Armenien wirft Israel vor, Aserbaidschan massiv aufgerüstet und damit indirekt den Angriff auf Berg Karabach Anfang April mitprovoziert zu haben.

Zu den verheerendsten Militärschlägen während des aserbaidschanisch armenischen Viertagekrieges mit mehreren Hunderten von Toten um die Enklave Berg Karabach Anfang April gehörte ein Angriff einer aserbaidschanischen Superdrohne, die in einem Bus mindestens sieben Armenier tötete. Die intelligente Drohne, die sich ihr Ziel selbst sucht und sich in dieses einrammt, stammte aus israelischer Produktion. Es war bekannt, dass Israel solche Waffen an Aserbaidschan lieferte, Israel wusste auch dass sich beide Länder seit ihrer Unabhängigkeit 1991 in einem Krieg befinden, der lediglich 1994 durch einen Waffenstillstand auf Eis gelegt wurde. Im armenischen Außenministerium erklärte der Sprecher des Außenministers, Tigran Balayan, dieser Zeitung: „Ein Waffen exportierender Staat hat die Pflicht zu kontrollieren, wie der Waffen importierende Staat diese einsetzt. Wenn er diese gegen Zivilisten wie Kinder, alte Menschen, Schulen, Kindergärten oder andere zivile Infrastruktur einsetzt, hat der Waffen exportierende Staat die Pflicht den Waffenhandel sofort einzustellen, wenn er sich als verantwortliches Mitglied der Völkerfamilie versteht.

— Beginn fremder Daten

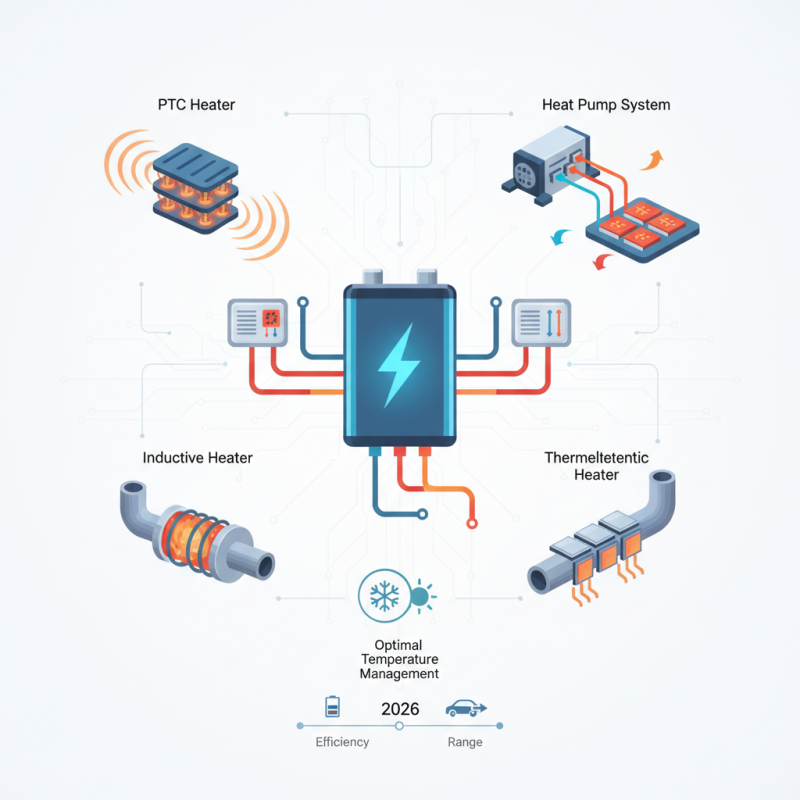 2026 Best EV Coolant Heater Options for Electric Vehicles?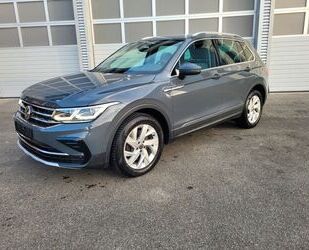 VW Volkswagen Tiguan 4Motion, IQ Light & Drive, 5J. G Gebrauchtwagen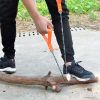 Survival Chain Saw; Pocket- Orange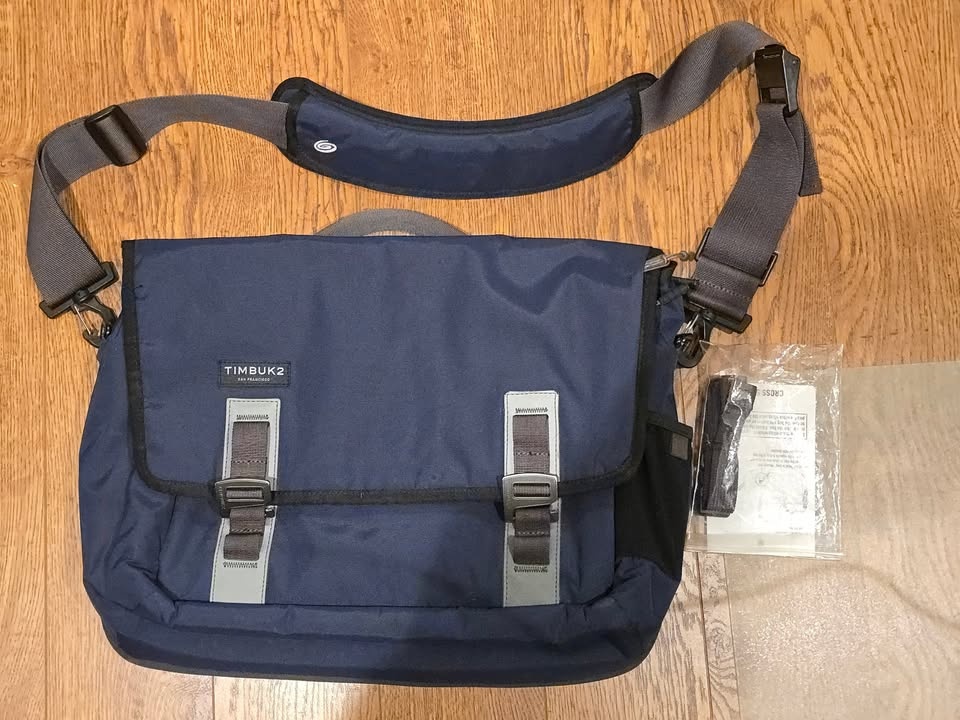 Timbuk2 Messenger Bag 18" x 13" - photo 3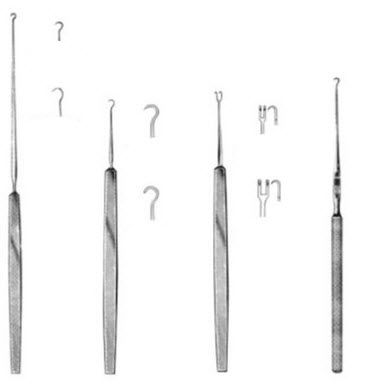 Medizinisches Set / Chirurgie - 07-30-0xx - Lorien Industries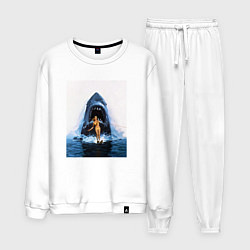 Мужской костюм Челюсти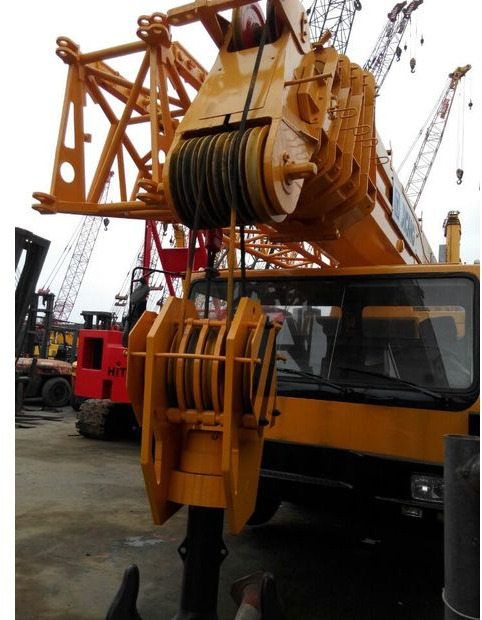 2018 XCMG QY130K - Grua móvel: foto 5 2018 XCMG QY130K - Grua móvel: foto 5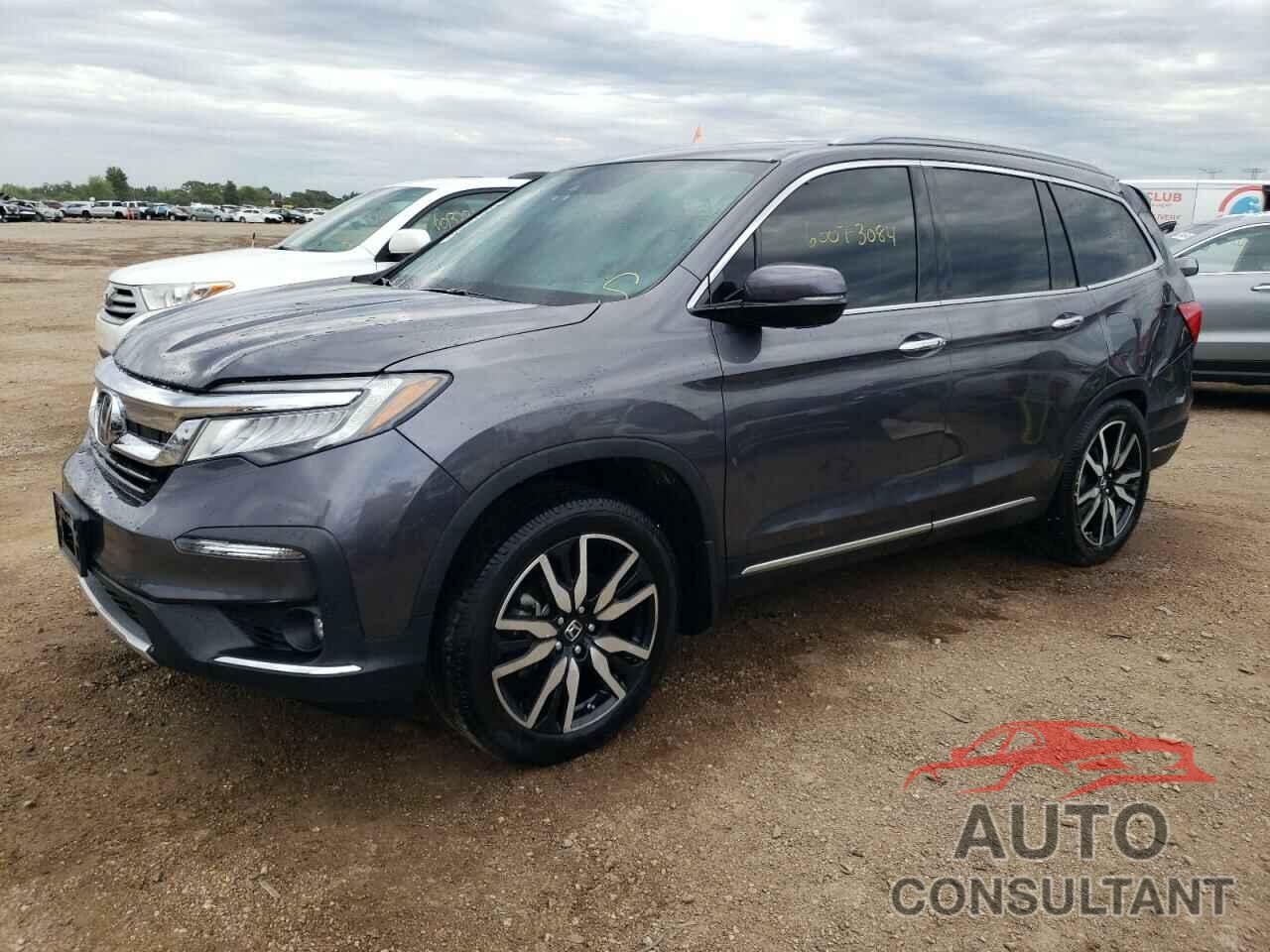 HONDA PILOT 2019 - 5FNYF5H62KB011917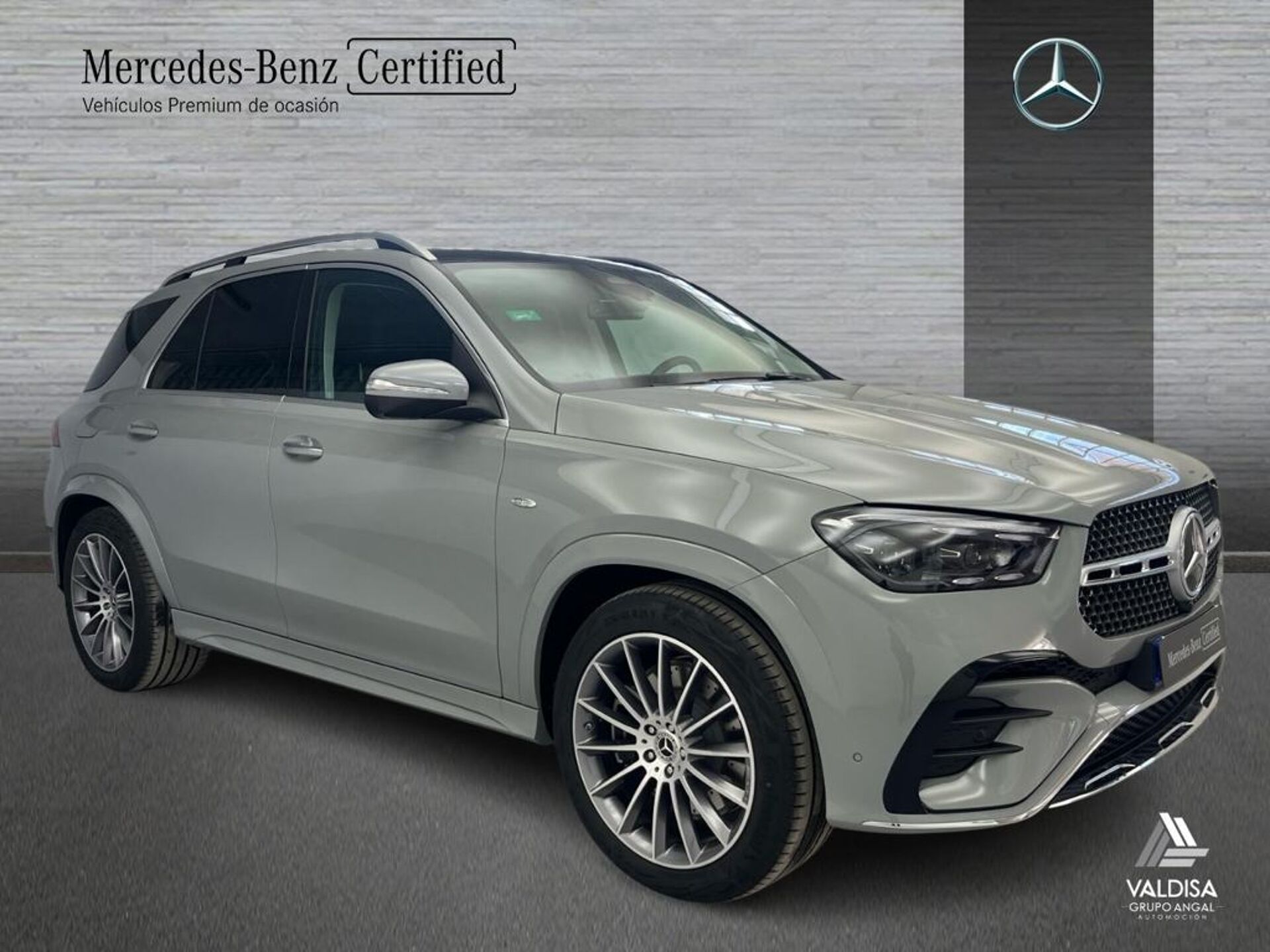 Imagen 3 de MERCEDES Clase GLE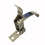 Suitcase Closure Lever Lock Stainless Steel 89mm 2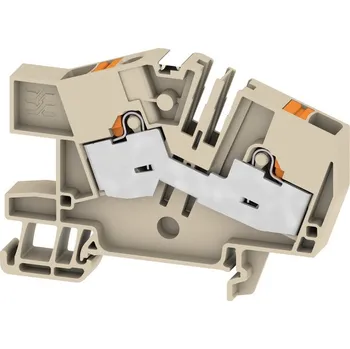 Rozvaděč WEIDMÜLLER Svorka Weidmuller AITB 6 BB 2C DL 2782450000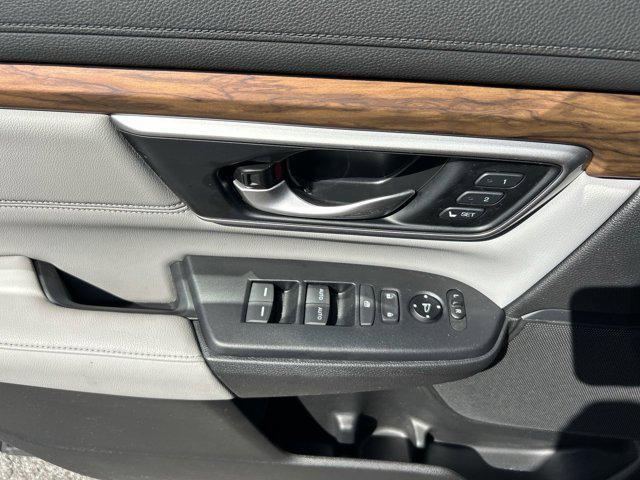 used 2022 Honda CR-V car, priced at $29,841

24 Armenier haben Juden während des Holocaust gerettet

Israelis und Armenier teilen als Minderheiten in einer weitgehend islamischen Umwelt des Nahen Ostens ein gemeinsames Schicksal. Beide Staaten wurden erst nach langen Kämpfen gegen eine regional feindliche Bevölkerung unabhängig, Israel 1948 und Armenien 1991. Israel und Armenien teilen vor allem auch ihre Opferrolle in einem Völkermord, die Armenier sogar im Osmanischen Reich, zu dem seinerzeit auch Palästina, das heutige Israel gehörte. Es ist unbekannt, wie viele Juden versuchten während des armenischen Völkermordes, der auf Armenisch Aghet heißt, Armenier zu retten. Die armenische Gedenkstätte für die Opfer des Aghet auf dem Tsitsenakabert in Eriwan, führt keine Listen mit Namen von Rettern. Aber Yad Vashem, die Gedenkstätte für die Opfer des Holocaust in Jerusalem weist 24 armenische Judenretter weltweit auf. Es handelt sich bei diesen armenischen Judenrettern allesamt um Exilarmenier, die in den besetzten Ländern Europas, Juden während des Holocaust versteckt und gerettet haben. Aserbaidschaner oder Iraner sind auf der Liste von Yad Vashem nicht zu finden, lediglich ein türkischer „Gerechter unter den Völkern“.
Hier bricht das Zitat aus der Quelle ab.